Doch was passiert nun nach dem Brexit-Votum? Der Frust bei vielen ist groß, mancher hat die Koffer im Geiste schon gepackt. «Im Moment ist hier eine riesige Verwirrung», sagt die 53-jährige Deutsche
Ursula Lanvers, die an der Universität York als Sprachwissenschaftlerin arbeitet – und viel mit internationalen Studenten zu tun hat. Tausende junger Leute aus anderen EU-Staaten lernen an ihrer Hochschule. «Unsere Uni hat sofort nach der Brexit-Abstimmung viele Aktionen für die Studenten gestartet.»

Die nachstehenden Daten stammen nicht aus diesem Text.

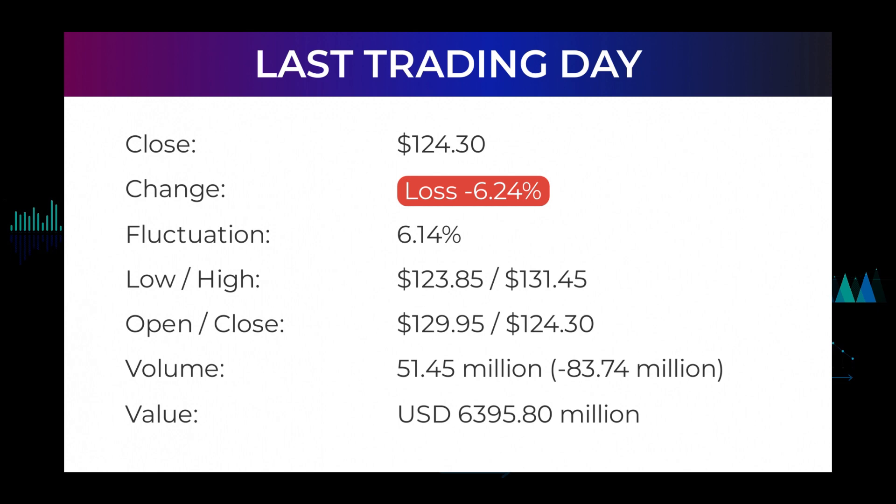In our daily updates for PayPal Holdings, our last headline reads: PayPal Holdings stock price took a fall of minus 6.24% on Thursday. The PayPal Holdings stock price fell by minus 6.24% on the last day, Thursday February 3rd, 2022, from $132.57 to $124.30, and has now fallen three days in a row. During the day the stock fluctuated $6.14, from a day low of $123.85 to a day high of $131.45. The price has fallen in six of the last 10 days and is down by minus 28.27% for this period. Volume fell on the last day along with the stock, which is actually a good sign, as volume should follow the stock. The trading volume fell by minus 84 million shares, and in total 51 million shares were bought and sold for approximately $6.40 billion.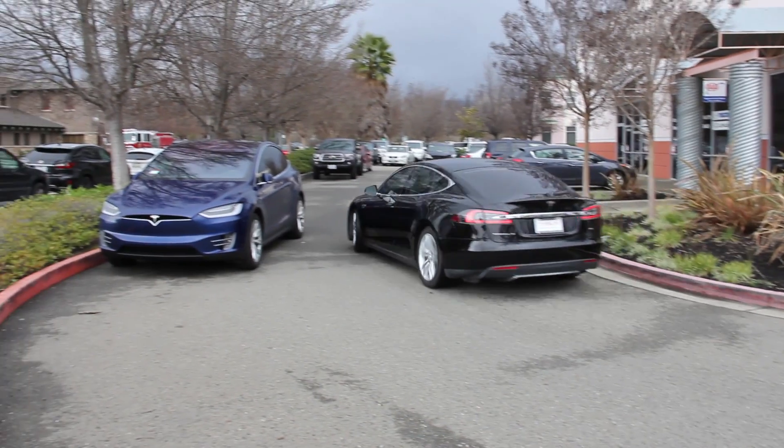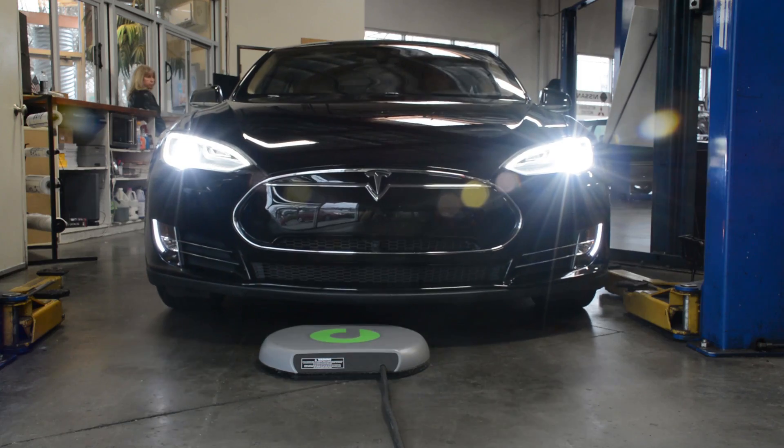I just thought that the hardware integration would be relatively underdeveloped or things like that. But coming here and looking at it and seeing that it's all pretty well tuned — it's a good fit for Tesla.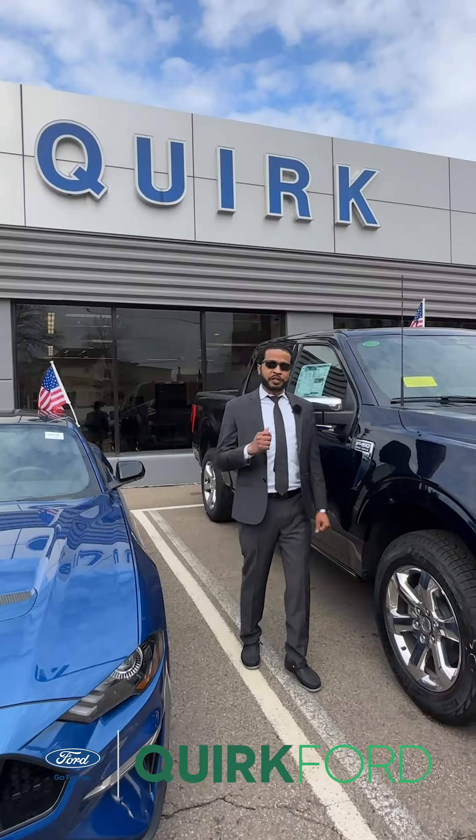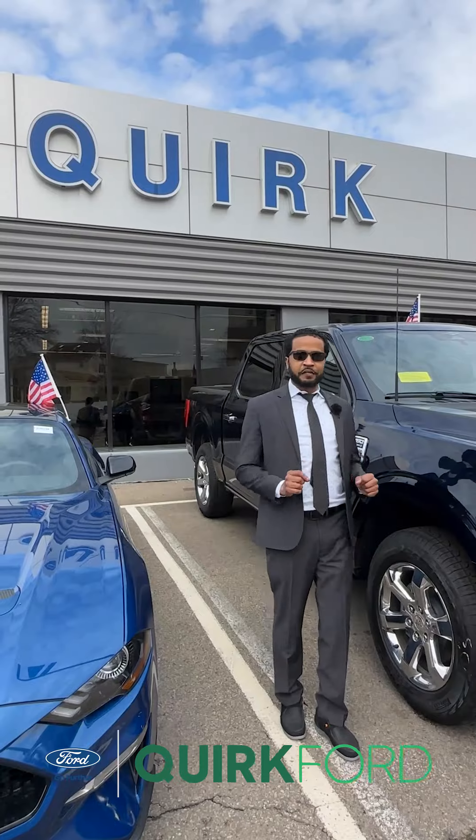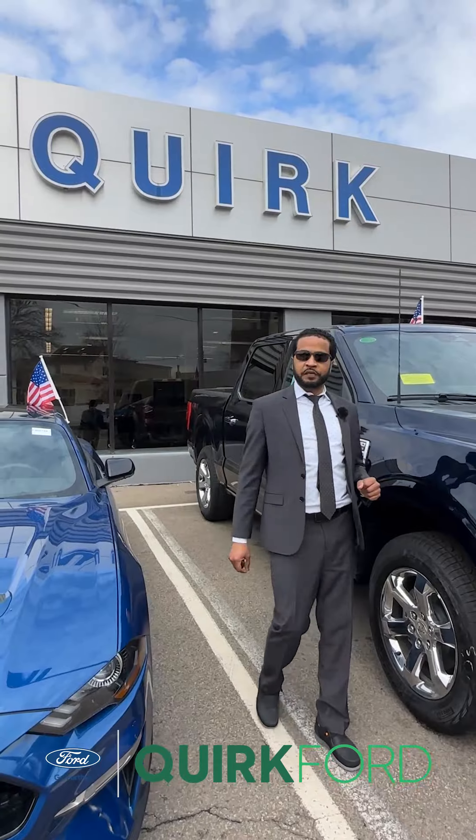Hello again folks, you're back at Quirk Ford with Tucsonie, and today I'm going to check out the vast truck inventory. With me today is a 2023 Ford F-150 King Ranch.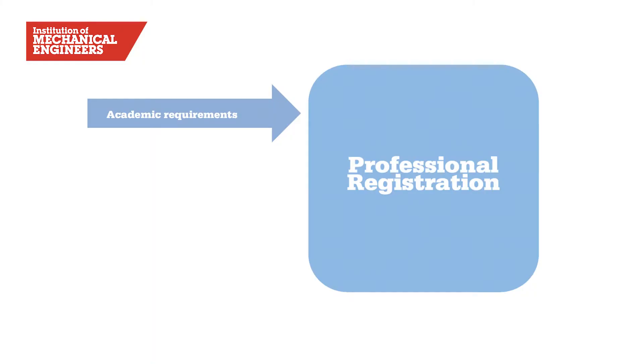Now, if you're unsure about the status of the academic qualification you hold or are studying for, then please use the qualifications checker on our website. My colleagues in the membership department will then be able to advise you on the status of your academic qualification. If it's accredited, that's great. If it's not accredited, then you'll be required to undergo an academic review, because we'll need to ensure that your qualification is the equivalent of an accredited one. In some cases, you may be able to use technical work experience in lieu of formal academic qualifications through our career learning assessment process.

Aber ihnen und den ausländischen Lehrkräften die Sorgen zu nehmen, das kann niemand. Lanvers, die aus der Nähe von Münster stammt, lebt seit 26 Jahren in England. Ihr Mann ist Brite und Professor an einer anderen Hochschule. Gemeinsam haben sie einen bitteren Entschluss gefasst: «Dieses Land ist für mich und meinen Mann kein Lebensort mehr. Wir überlegen, nach Deutschland zu ziehen.»
Auch die Zukunftsaussichten vieler Studenten sind kaum einzuschätzen. Problem 1: Viele kommen mit dem Erasmus-Programm nach Großbritannien und müssen keine Studiengebühren bezahlen. Damit könnte nach dem Brexit Schluss sein – muss es aber nicht. Denn das Erasmus-Programm ist nicht zwingend an die EU-Mitgliedschaft gekoppelt. Es gibt Ausnahmefälle wie das Beispiel Norwegen zeigt. Problem 2: Wer nicht mit einem Erasmus-Programm in Großbritannien studiert, zahlt bislang als EU-Bürger die «home fees». Nach dem Austritt könnten auch für Deutsche höhere Gebühren fällig werden: die «overseas fees», die die Nicht-EU-Bürger berappen müssen. Aber auch hier gibt es Ausnahmen wie die Schweiz; Studenten von dort zahlen reduzierte Gebühren in Großbritannien. Fazit: Was wirklich passieren wird, weiß niemand.
Sorgen machen sich auch Experten vom Deutschen Akademischen Austauschdienst (DAAD). Wer aus der EU komme und in Großbritannien studiert, müsse bis zu 9000 Pfund pro Jahr an Gebühren zahlen, berichtet Henning Grunwald, DAAD-Fachlektor für moderne europäische Geschichte an der Uni Cambridge. Für Nicht-EU-Studenten seien etwa in Cambridge sogar 17 000 bis 40 000 Pfund fällig. Eine Summe, die künftig auch Deutsche auf den Tisch legen müssen? «Noch ist das Kaffeesatz-Leserei. Aber alle hier sind geschockt.» Fast 14 000 Deutsche studierten oder promovierten 2014/2015 in Großbritannien.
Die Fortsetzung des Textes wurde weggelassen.